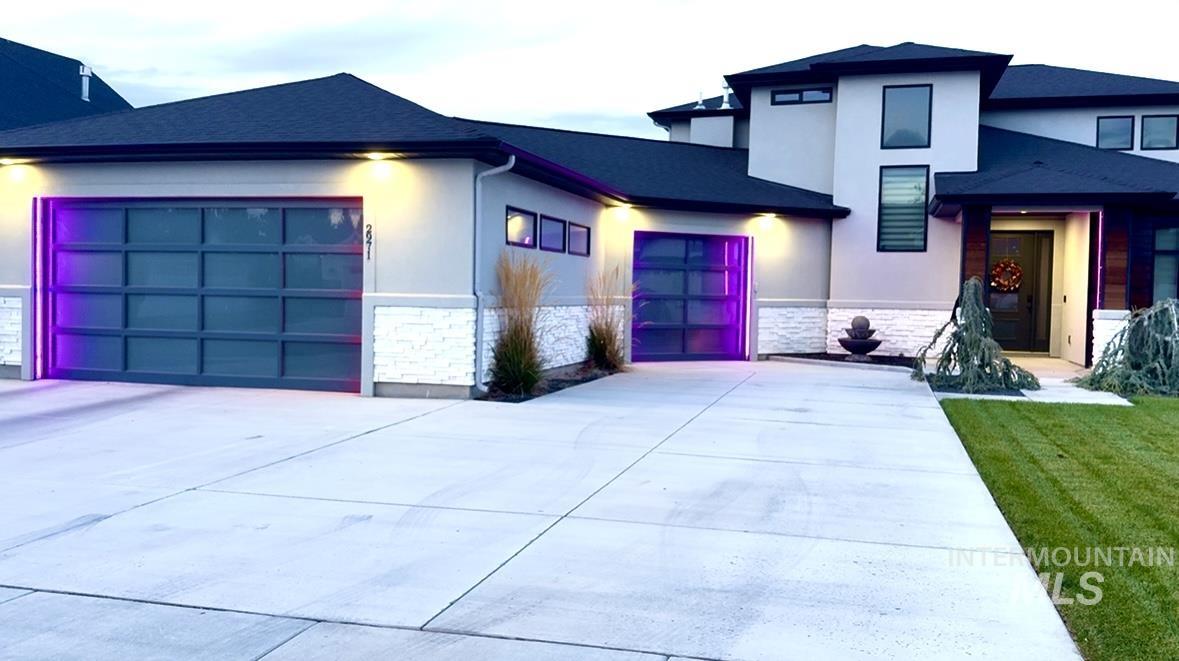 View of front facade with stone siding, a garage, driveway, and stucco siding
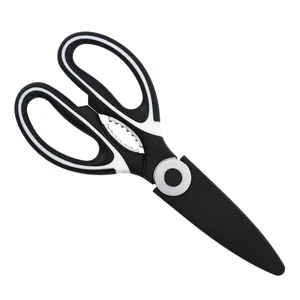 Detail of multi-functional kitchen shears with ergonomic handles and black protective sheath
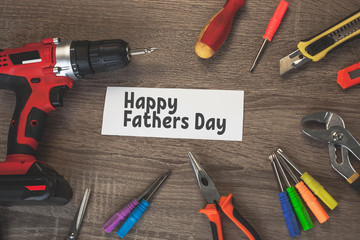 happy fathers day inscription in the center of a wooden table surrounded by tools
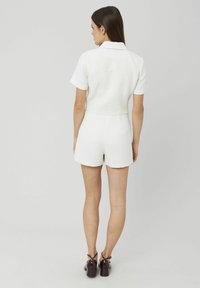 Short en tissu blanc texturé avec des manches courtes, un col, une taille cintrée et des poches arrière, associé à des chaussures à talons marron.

* * *

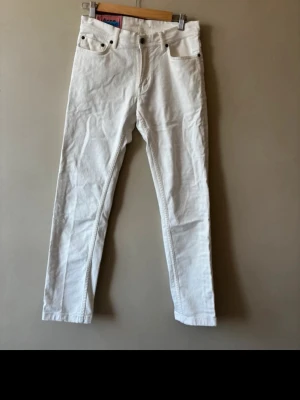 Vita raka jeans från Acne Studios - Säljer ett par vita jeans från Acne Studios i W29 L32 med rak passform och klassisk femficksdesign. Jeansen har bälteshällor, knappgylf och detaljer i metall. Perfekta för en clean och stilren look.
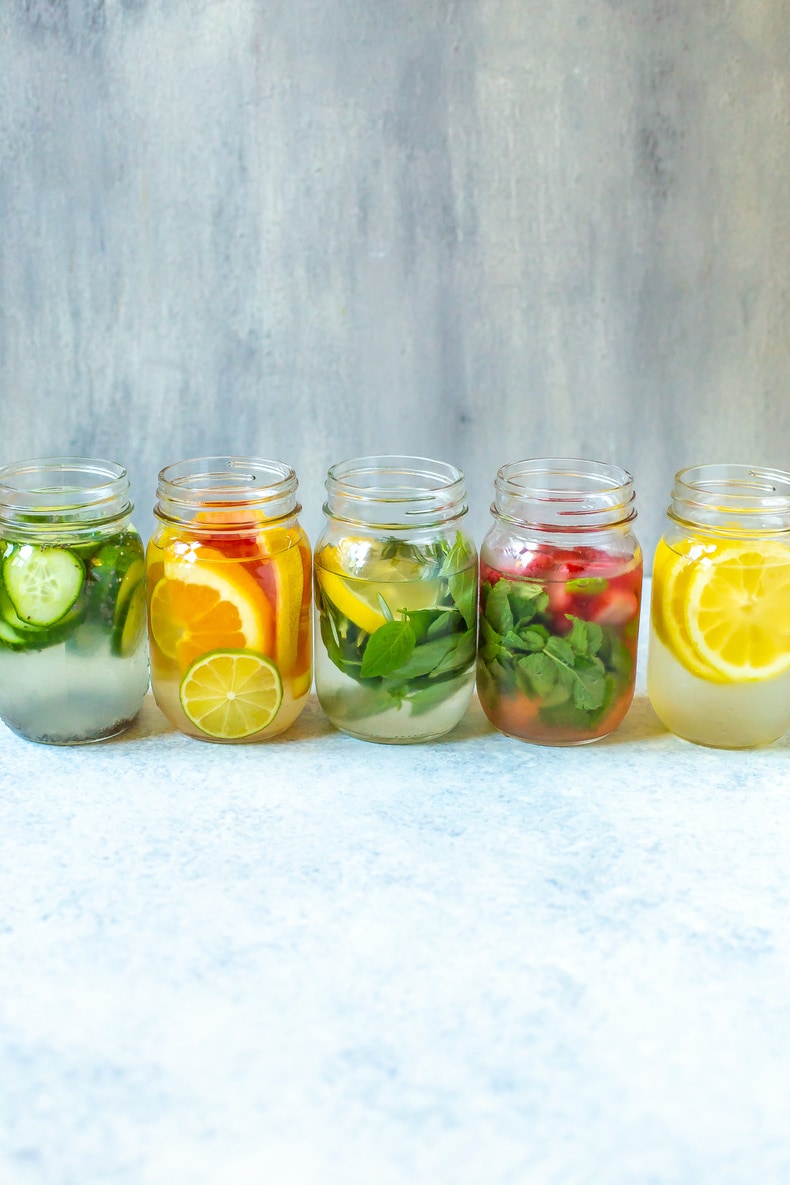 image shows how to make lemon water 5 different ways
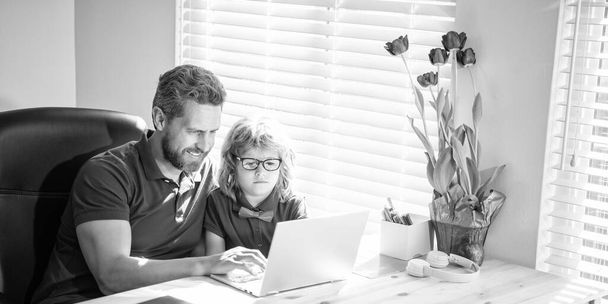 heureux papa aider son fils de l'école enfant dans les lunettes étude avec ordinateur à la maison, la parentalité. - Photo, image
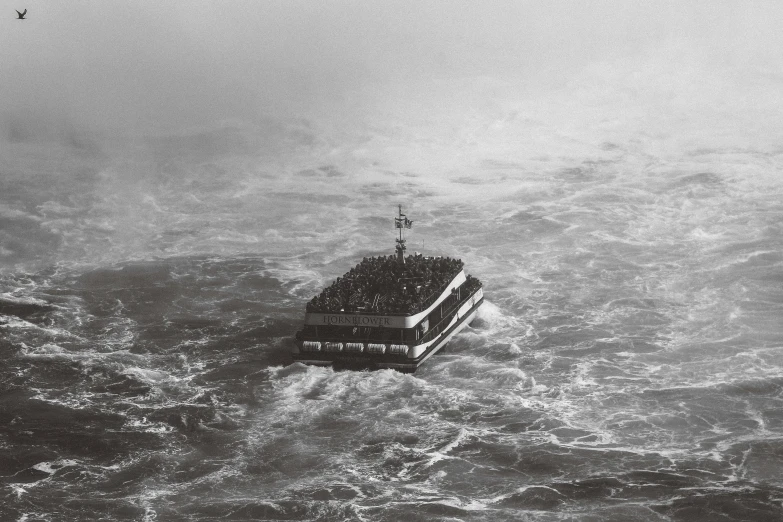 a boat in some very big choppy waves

**Work instructions**
Beginning with the line holding "happy fathers day" in the material above, restate word for word each line through the line holding "Short en tissu", and exclude pictures.

**Output of the exercise**
 happy fathers day inscription in the center of a wooden table surrounded by tools
 Short en tissu blanc texturé avec des manches courtes, un col, une taille cintrée et des poches arrière, associé à des chaussures à talons marron.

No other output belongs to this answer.